In der Hoffnung, ein Zeichen für einen allgemeinen Aufstand gesetzt zu haben, veröffentlichten die Aufständischen ihren Forderungskatalog, welcher auch die unterschiedlichen Motive der Streikenden widerspiegelte. Neben Forderungen nach persönlichen Erleichterungen wie bessere Verpflegung und Ausrüstung fanden sich darin auch wesentliche Forderungen politischer Natur: Die Anerkennung des Selbstbestimmungsrechts der Nationen, den sofortigen Friedensschluss ohne Annexionen auf Grundlage des 14-Punkte-Programms des amerikanischen Präsidenten Wilson sowie demokratische Regierungen in Österreich und Ungarn.
Die Unterstützung von außen, auf die die Aufständischen gewartet hatten, ist jedoch nie eingetroffen.
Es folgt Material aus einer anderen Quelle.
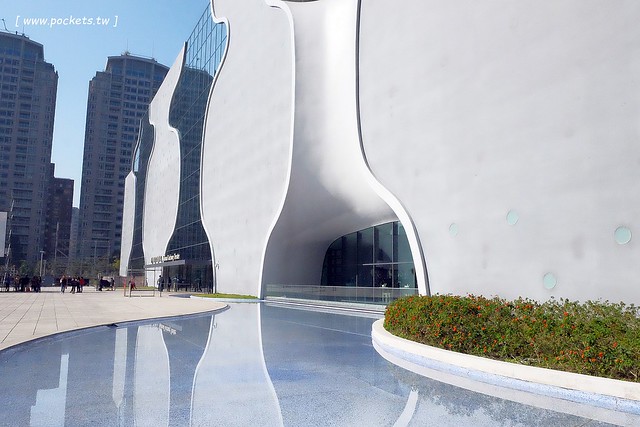 【台中西屯】台中國家歌劇院：伊東豊雄的現代建築，以自然為主題，結合劇院、商場、餐廳和空中花園 @飛天璇的口袋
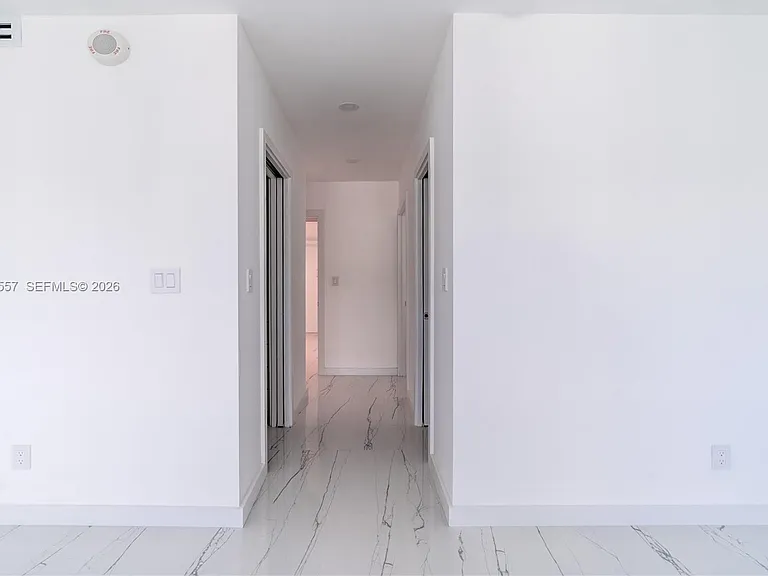 19380 Collins Ave #1105 — Photo 19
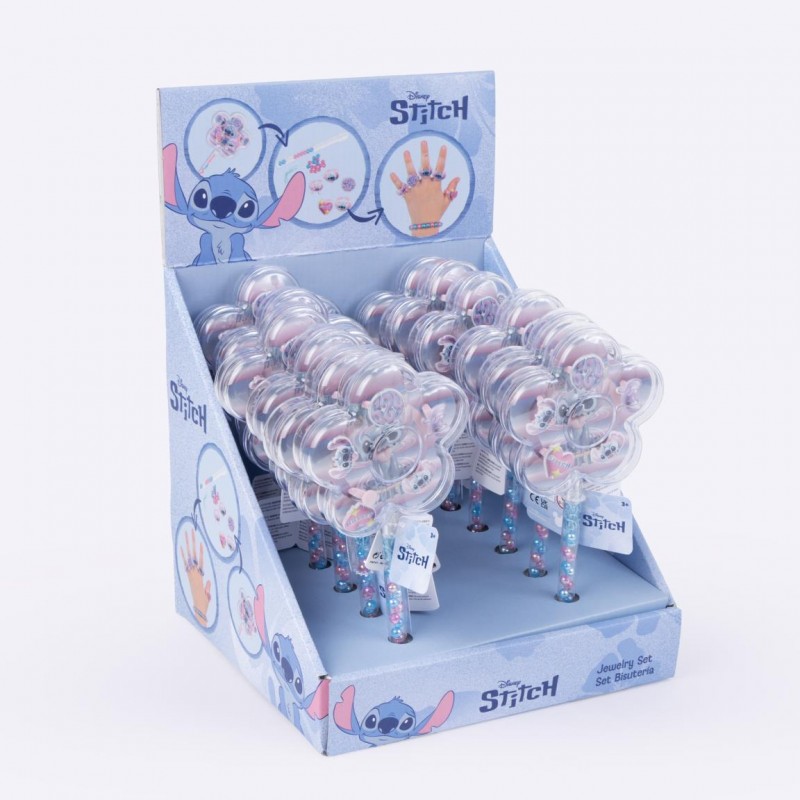 Vista en ángulo del expositor de venta de impulso con los sets de bisutería en varita de Stitch.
Der Armee war es gelungen, den Aufstand zu isolieren und Telegramme abzufangen. Der Kriegshafenkommandant Guseck lehnte zudem Verhandlungen ab und drohte mit der Beschießung der Schiffe, sollten die Matrosen nicht bis zum 3. Februar um 10 Uhr die rote Flagge streichen und die Befehlsgewalt der Offiziere wiederherstellen. Die zwar entwaffneten aber freien Offiziere versuchten, die unerfahrenen Matrosen mit Versprechungen zu verwirren und die Streikenden zu spalten.
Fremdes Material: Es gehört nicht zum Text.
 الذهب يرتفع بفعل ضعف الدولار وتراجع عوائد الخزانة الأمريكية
Als dann am Morgen des 3. Februar eine von deutschen U-Booten unterstützte Flottendivision aus Pula eintraf, brach der Aufstand zusammen, und die Matrosen kapitulierten noch vor Ablauf des Ultimatums. Als letztes Schiff ergab sich die „St. Georg“. Innerhalb weniger Stunden wurden 800 am Aufstand beteiligte Matrosen verhaftet. Franz Rasch, Anton Grabar, Jerko Šižgorić und Mate Brničević wuden als angebliche Rädelsführer der Meuterei von einem Standgericht zum Tod verurteilt und an der Friedhofsmauer von Skaljari erschossen.
„Ich selbst habe den Aufstand an Bord eines Torpedobootes mitgemacht, seinen Sinn aber nur gefühlsmäßig erfasst. Es war daher nicht schwer, mich und meinesgleichen vor dem Karren der verfahrenen Militärmaschinerie zu halten. Erst die nachfolgenden Ereignisse ließen mich die Zusammenhänge verstehen, brachten mich dazu, organisiert für meine Überzeugung, zu der ich mich nach langen inneren Kämpfen durchgerungen hatte, aufzutreten.“ (Franz Xaver Fleischhacker 1957)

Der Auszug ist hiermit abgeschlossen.